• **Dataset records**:
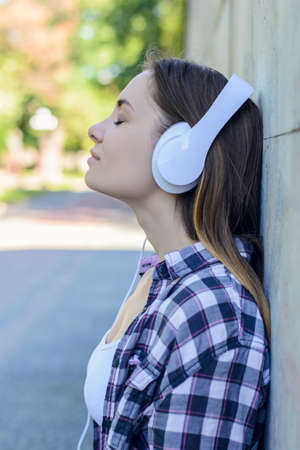 Young charming lady  in headphones listening to her favourite music in the streetの写真素材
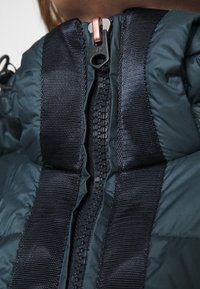 Uppblåsbar jacka med en mörkgrön yta, vadderad textur och en central dragkedja med en metallisk detalj, flankeras av svarta tygpaneler.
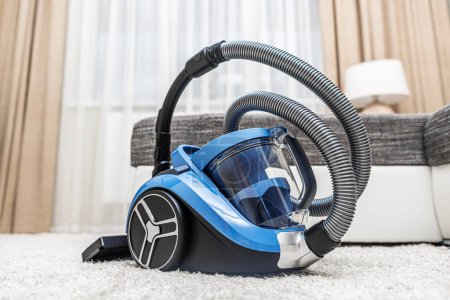Modern vacuum cleaner in the living room. Vacuum cleaner on the background of the home interior.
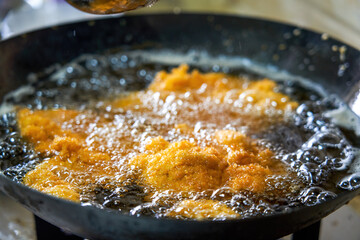 Delicious chicken chops are being fried in the kitchen oil pan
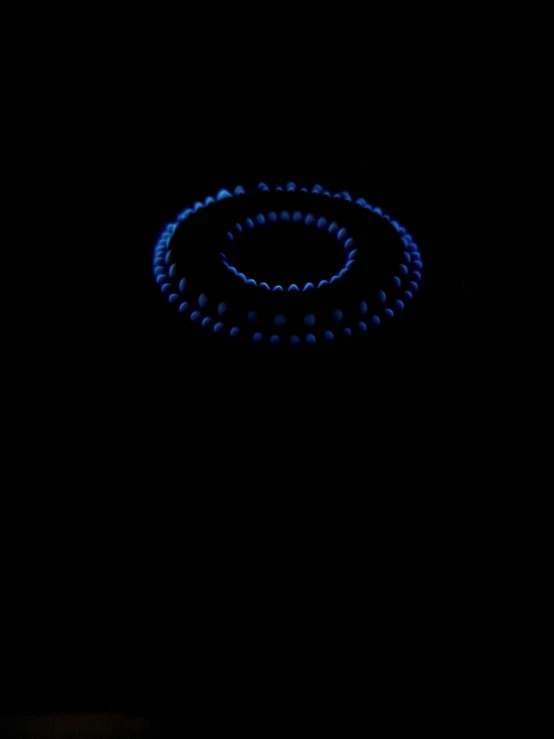 a glowing disc in the dark with the light from the top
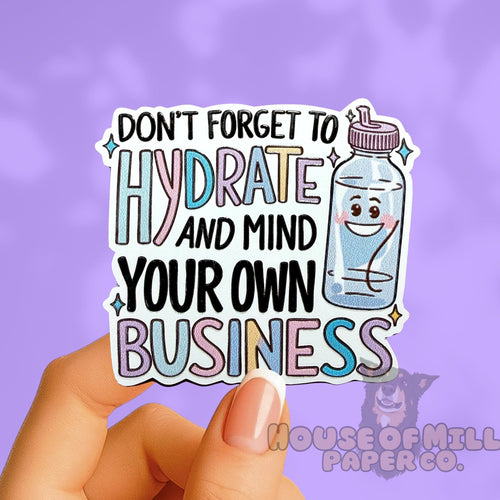 Sticker with text 'Don't forget to hydrate and mind your own business' held by a hand on a purple background.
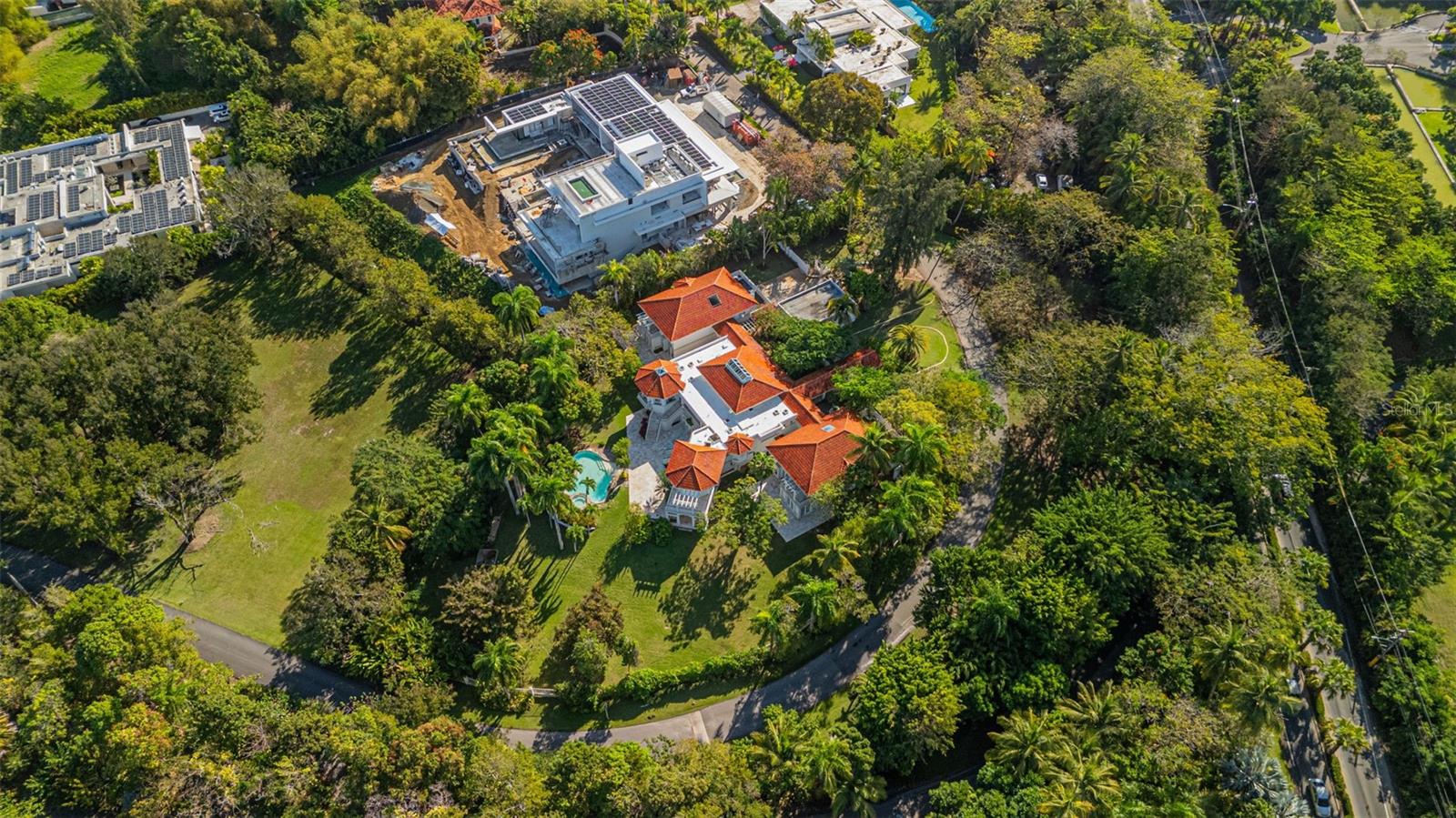 Aerial view of a red tile-roof estate, swimming pool, and spacious lawn amid tropical trees.
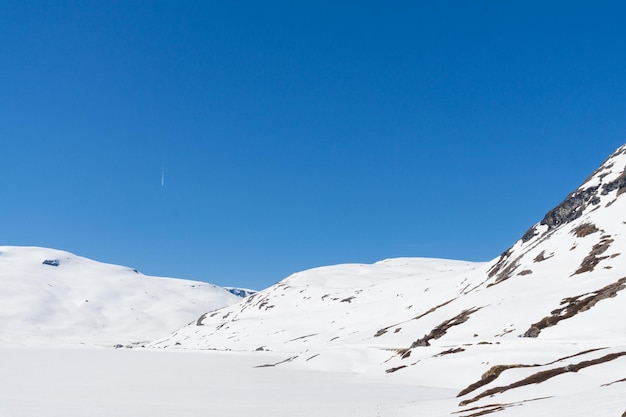 Impresionante paisaje nevado de un lago y sus montañas Noruega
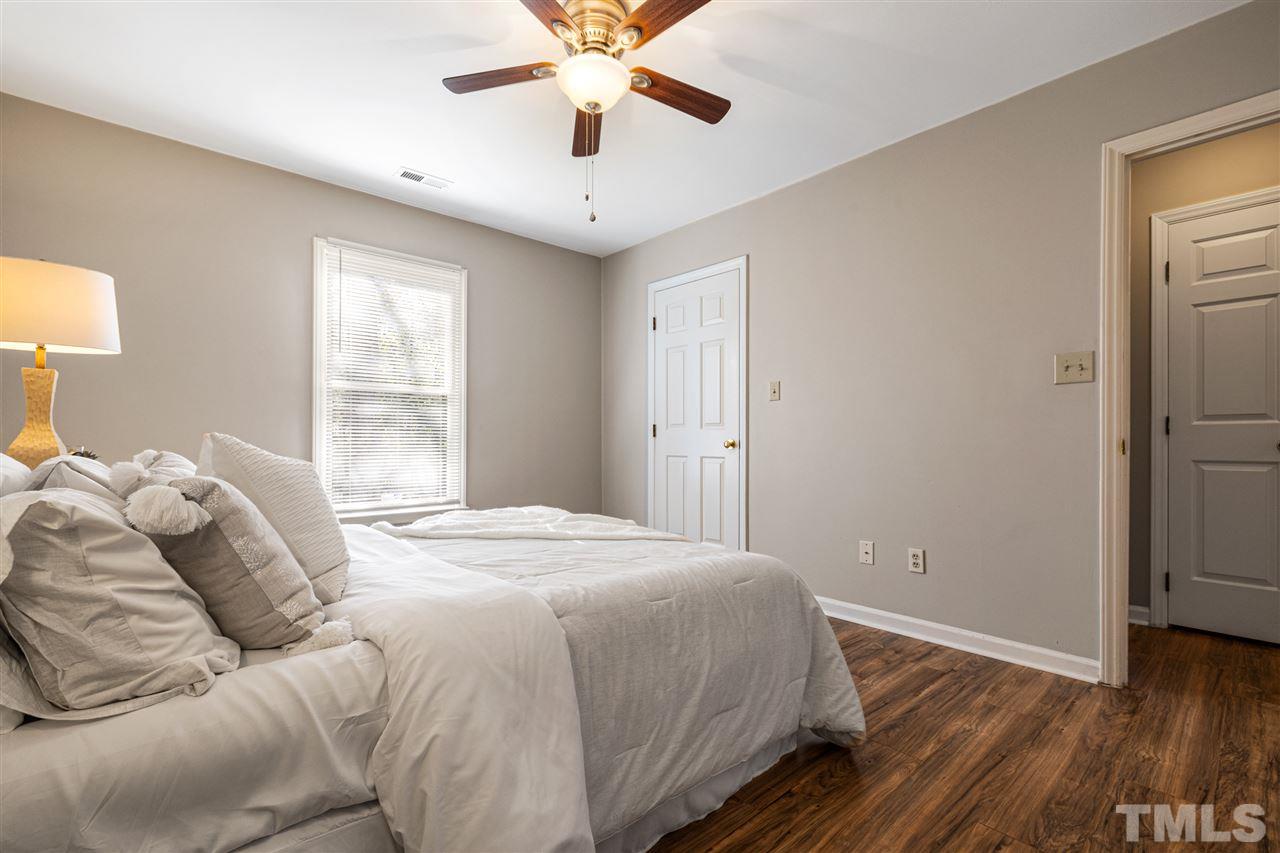 6404 Fox Road Raleigh, NC 27616 - Photo 22 of 25 a bedroom with a bed and a window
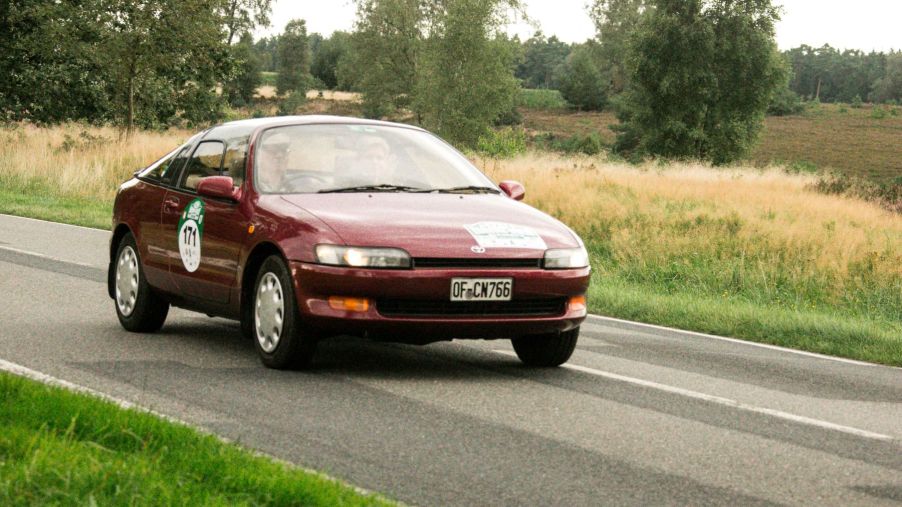 A red burgundy Toyota Sera hatchback coupe model driving on a country road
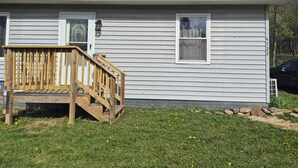 A single-story house with a front porch, a small window, and a door. - Cozy 2-bedroom bungalow in gorgeous Mount Storm with AC (Mount Storm)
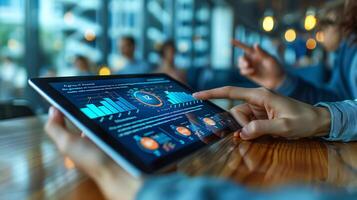 A person using a tablet with data on it photo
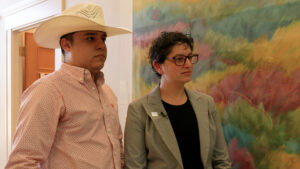 Two people stand side by side indoors. One wears a cowboy hat and patterned shirt, the other wears glasses and a suit. They are in front of a colorful abstract painting.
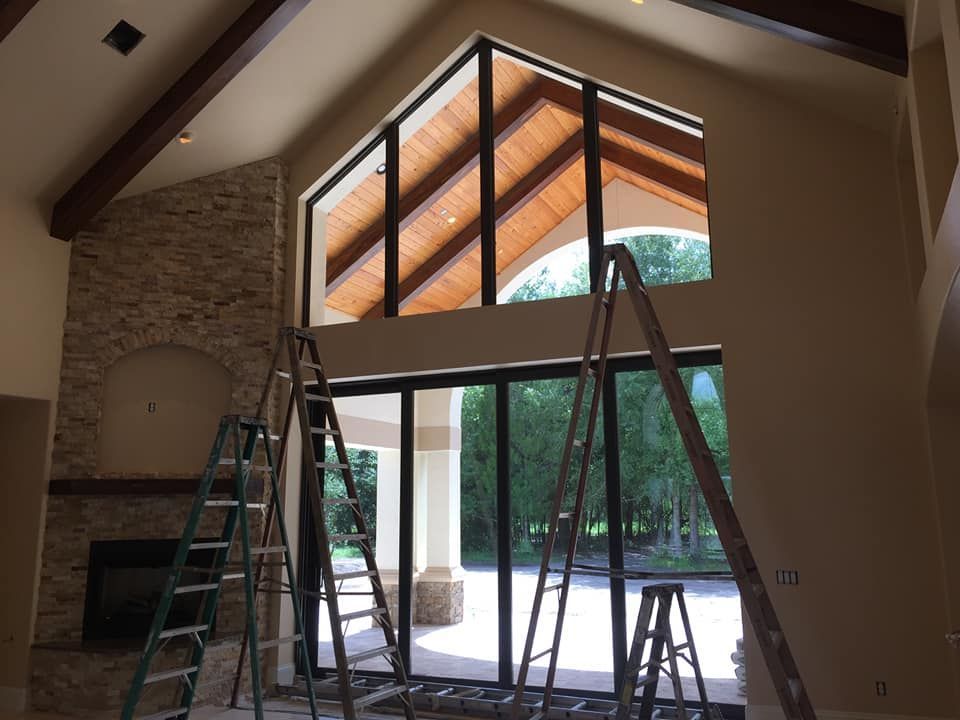 Living room with vaulted ceiling, ladders, and large windows during interior painting or renovation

• **Problem to work on**:
Give again, exactly, the lines starting at the first entry above and ending at the line with "6404 Fox Road"; please leave pictures out.

• **Response for this exercise**:
 Young charming lady  in headphones listening to her favourite music in the streetの写真素材
 Uppblåsbar jacka med en mörkgrön yta, vadderad textur och en central dragkedja med en metallisk detalj, flankeras av svarta tygpaneler.
Modern vacuum cleaner in the living room. Vacuum cleaner on the background of the home interior.
 Delicious chicken chops are being fried in the kitchen oil pan
 a glowing disc in the dark with the light from the top
 Sticker with text 'Don't forget to hydrate and mind your own business' held by a hand on a purple background.
 Aerial view of a red tile-roof estate, swimming pool, and spacious lawn amid tropical trees.
 Impresionante paisaje nevado de un lago y sus montañas Noruega
 6404 Fox Road Raleigh, NC 27616 - Photo 22 of 25 a bedroom with a bed and a window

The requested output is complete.